Finland poised to elect a new business-friendly Govt

Finland's youthful PM Alexander Stubb - not enough reform, not enough business friendly policies is about to host him his job
Finland’s youthful PM Alexander Stubb in Davos this year – not enough reform, not enough business friendly policies looks certain to cost him his job when Finns vote Sunday
By Kati Pohjanpalo

(Bloomberg) — Finns look set to vote out a government marred by political infighting and elect a party led by a self- made millionaire promising a business-driven recovery.

After three years of economic decline, Finland’s next government will need to fix chronic budget deficits, a debt load that’s set to breach European Union limits, rising unemployment and economic growth that’s about half the average of the euro zone.

Juha Sipila, who leads the opposition Center Party, has promised business-friendly policies he says will create 200,000 private-sector jobs. His party is polling about 6 percentage points ahead of the next-biggest groups, according to newspaper Helsingin Sanomat. If he wins Sunday’s vote, Sipila will probably try to form a majority coalition that’s likely to include the euro-skeptic The Finns party.
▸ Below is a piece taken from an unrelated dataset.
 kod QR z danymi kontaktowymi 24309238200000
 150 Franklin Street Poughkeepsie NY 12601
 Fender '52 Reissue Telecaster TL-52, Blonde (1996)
“Putting together a new, workable government that can turn around Finland’s public finances is the most important economic policy step,” Anssi Rantala, chief economist at Aktia Bank Oyj, said by phone. “The government has to take seriously the gigantic deficits we have in state and municipal budgets, and it has to change the way it implements austerity: most has been through tax increases.”
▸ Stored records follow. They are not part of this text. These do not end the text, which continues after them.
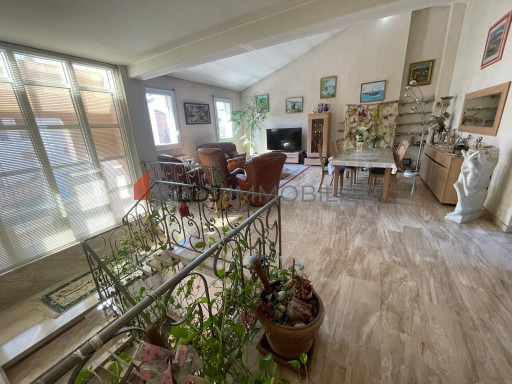 maisonvilla vente Perpignan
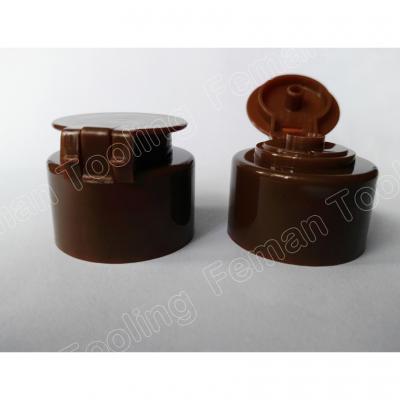 packing-plastic-injection-molding-pick-caps-4.jpg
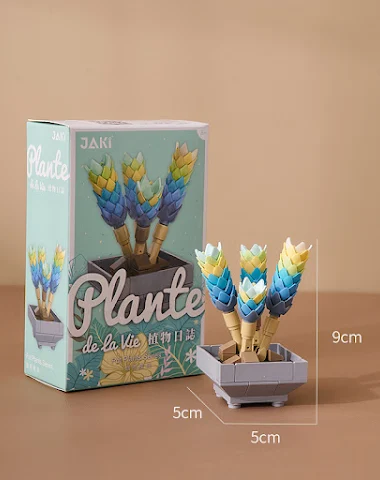 Image product - 3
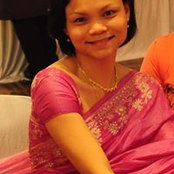 Foto de Wong Ei

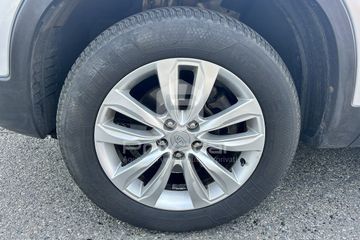 KIA Sorento - 9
Austerity isn’t what splits Finland’s political parties. All major groups have pledged some combination of belt- tightening and growth policies. The Finance Ministry estimates 6 billion euros ($6.5 billion) of austerity measures are needed by 2019 to prevent debt reaching 70 percent of gross domestic product. It also says there’s no scope to raise taxes without stifling economic growth.

Sipila has warned that Finland still faces a tough decade. His party wants to continue budget cuts and to lower social security fees. It also plans to loosen labor market regulations to keep deficits from widening as it tries to stimulate growth.